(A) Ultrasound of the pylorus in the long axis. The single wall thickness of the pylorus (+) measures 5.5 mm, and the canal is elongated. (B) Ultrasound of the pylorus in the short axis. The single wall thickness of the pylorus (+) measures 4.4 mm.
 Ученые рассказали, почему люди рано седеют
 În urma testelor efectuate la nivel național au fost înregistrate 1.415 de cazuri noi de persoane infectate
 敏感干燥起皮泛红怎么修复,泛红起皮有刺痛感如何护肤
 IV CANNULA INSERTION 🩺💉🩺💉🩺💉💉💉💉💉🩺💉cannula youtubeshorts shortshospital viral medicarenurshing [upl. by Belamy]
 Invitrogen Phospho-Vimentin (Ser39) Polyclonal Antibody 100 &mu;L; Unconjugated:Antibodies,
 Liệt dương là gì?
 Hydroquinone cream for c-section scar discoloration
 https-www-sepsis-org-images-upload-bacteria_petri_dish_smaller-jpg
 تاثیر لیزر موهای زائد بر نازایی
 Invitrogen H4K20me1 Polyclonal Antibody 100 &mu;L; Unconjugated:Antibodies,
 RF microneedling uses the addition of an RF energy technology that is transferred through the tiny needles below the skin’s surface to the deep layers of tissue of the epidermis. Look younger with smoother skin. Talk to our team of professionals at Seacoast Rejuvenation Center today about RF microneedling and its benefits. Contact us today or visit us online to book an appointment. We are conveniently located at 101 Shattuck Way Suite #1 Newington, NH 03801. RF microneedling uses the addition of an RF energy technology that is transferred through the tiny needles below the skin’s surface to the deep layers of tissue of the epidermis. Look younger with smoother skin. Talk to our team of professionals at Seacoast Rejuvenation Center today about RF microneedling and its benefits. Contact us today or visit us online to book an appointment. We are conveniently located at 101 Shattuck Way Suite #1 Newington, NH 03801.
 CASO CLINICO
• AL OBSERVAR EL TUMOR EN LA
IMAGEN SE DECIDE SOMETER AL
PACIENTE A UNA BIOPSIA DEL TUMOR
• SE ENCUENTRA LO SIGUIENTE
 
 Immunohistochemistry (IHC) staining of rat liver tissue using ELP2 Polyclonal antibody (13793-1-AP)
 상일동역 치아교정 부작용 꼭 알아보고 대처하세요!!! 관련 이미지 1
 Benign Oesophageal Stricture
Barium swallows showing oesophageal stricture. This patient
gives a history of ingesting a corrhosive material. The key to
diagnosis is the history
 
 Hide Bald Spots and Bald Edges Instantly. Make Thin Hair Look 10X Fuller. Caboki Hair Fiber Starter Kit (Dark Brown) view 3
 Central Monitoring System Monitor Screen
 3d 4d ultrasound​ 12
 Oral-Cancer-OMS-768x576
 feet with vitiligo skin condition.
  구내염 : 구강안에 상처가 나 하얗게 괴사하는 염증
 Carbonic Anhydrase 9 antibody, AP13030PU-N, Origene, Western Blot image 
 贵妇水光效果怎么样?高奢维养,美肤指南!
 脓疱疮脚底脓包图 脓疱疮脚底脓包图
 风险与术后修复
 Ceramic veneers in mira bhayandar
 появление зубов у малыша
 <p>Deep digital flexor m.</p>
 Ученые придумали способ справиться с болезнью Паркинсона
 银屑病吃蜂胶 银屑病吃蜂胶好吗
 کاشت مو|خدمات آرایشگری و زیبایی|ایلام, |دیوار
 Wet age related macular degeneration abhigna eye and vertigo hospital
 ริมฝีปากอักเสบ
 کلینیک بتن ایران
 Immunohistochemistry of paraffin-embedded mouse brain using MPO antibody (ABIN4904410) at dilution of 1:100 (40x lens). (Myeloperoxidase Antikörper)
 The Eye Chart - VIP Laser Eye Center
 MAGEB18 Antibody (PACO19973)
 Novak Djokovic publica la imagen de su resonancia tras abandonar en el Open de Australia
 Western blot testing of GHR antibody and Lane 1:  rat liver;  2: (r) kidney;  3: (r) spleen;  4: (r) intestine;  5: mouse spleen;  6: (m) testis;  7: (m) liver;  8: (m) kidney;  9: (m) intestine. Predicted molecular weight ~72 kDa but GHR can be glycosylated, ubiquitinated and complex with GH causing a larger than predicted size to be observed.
____________
**Task objective**
Pull out each line of the listing that holds the string "history".

**Answer to the problem**
gives a history of ingesting a corrhosive material. The key to
diagnosis is the history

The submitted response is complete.